Records shown START
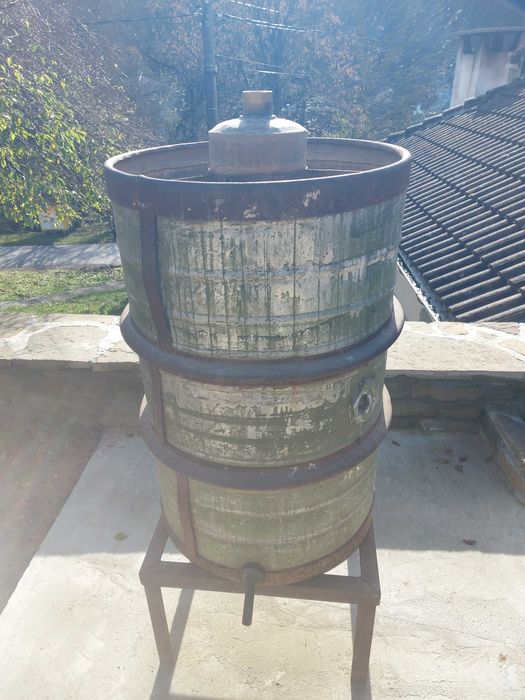 Казан меден 80 л.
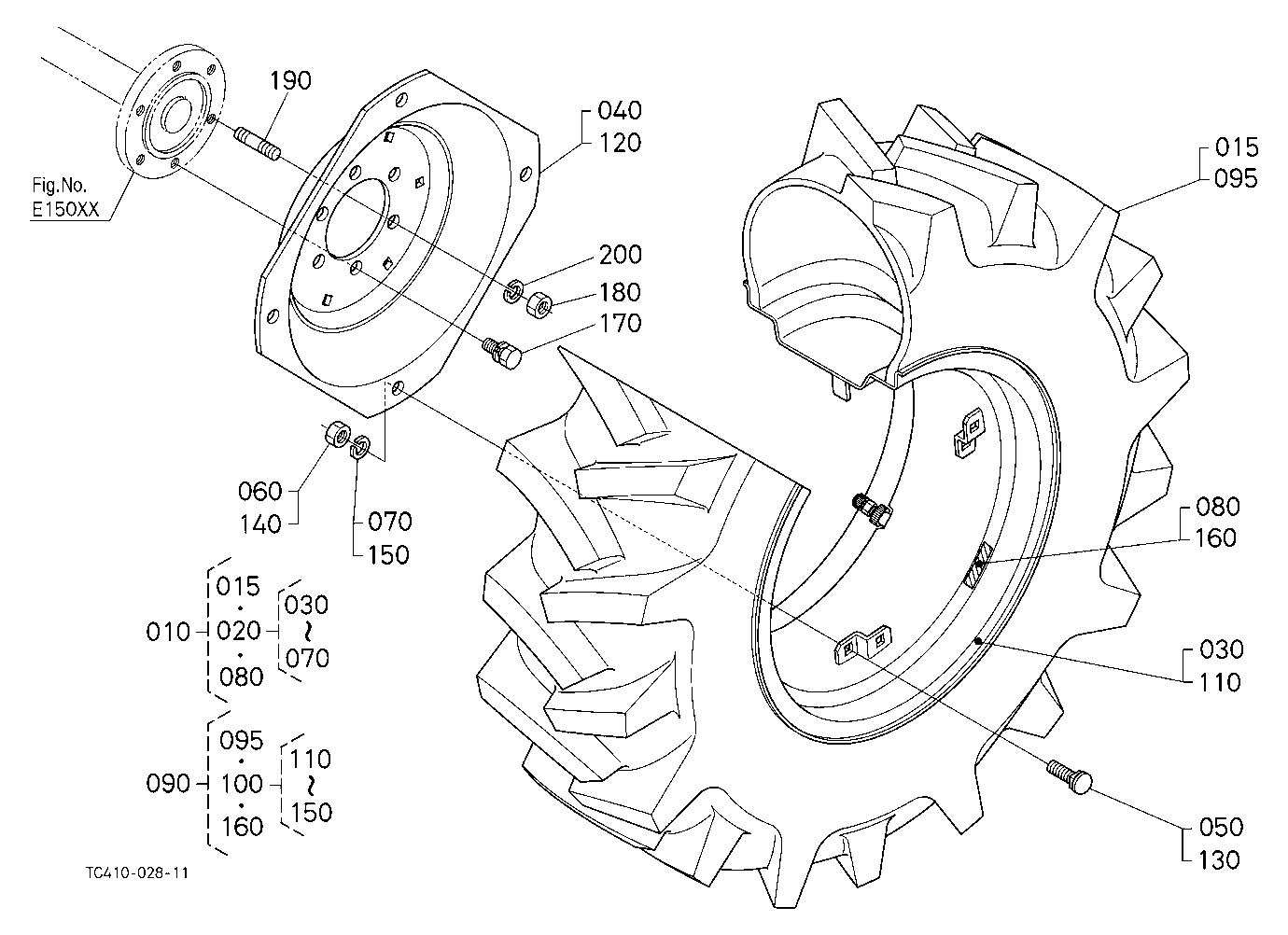 Rear Wheel (11.2-24)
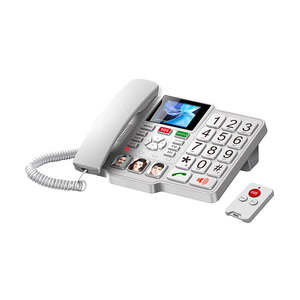 Mobile Phones: EasyCall Pro 4G Desktop Telephone (Suitable on Spark, Skinny & One NZ Networks)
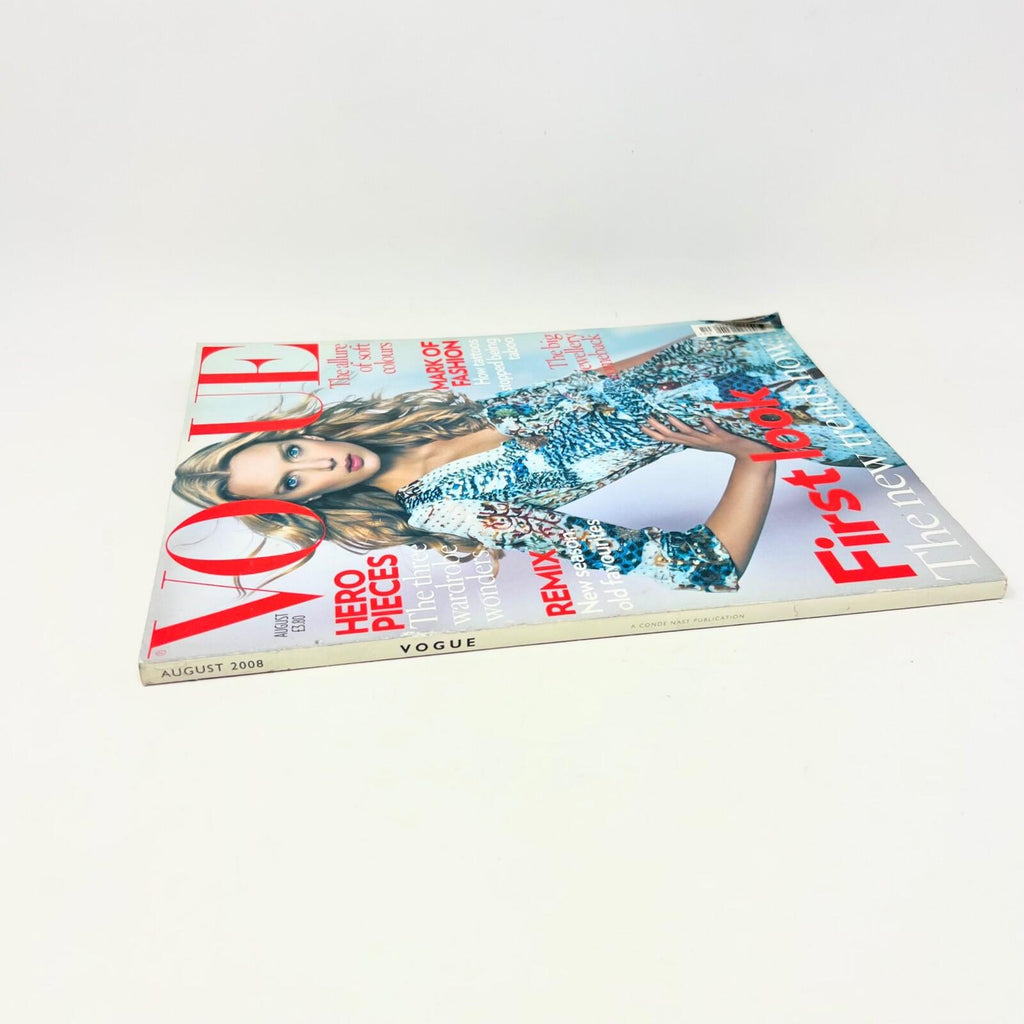 Vogue Fashion Magazine August 2008 First Look The New Trends Now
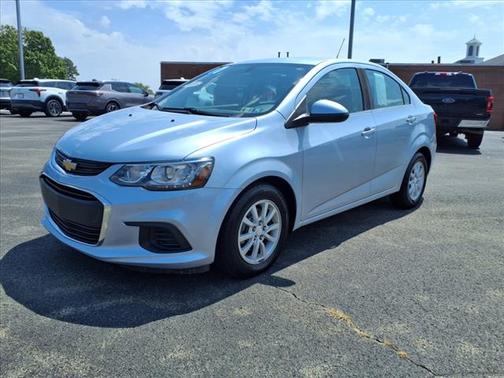 2017 Chevrolet Sonic LT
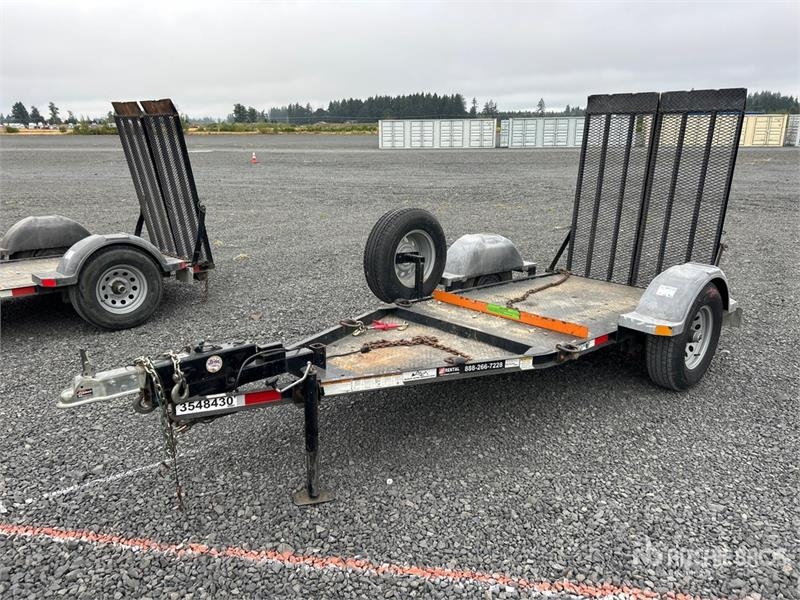 Snake River River 7 ft S/A Equipment Trailer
Records shown END
From the line with "Vogue Fashion Magazine" through the final line of the records above, return each line exactly and nothing else. Pictures are to be skipped.

> **Exercise solution**
 Vogue Fashion Magazine August 2008 First Look The New Trends Now
 2017 Chevrolet Sonic LT
 Snake River River 7 ft S/A Equipment Trailer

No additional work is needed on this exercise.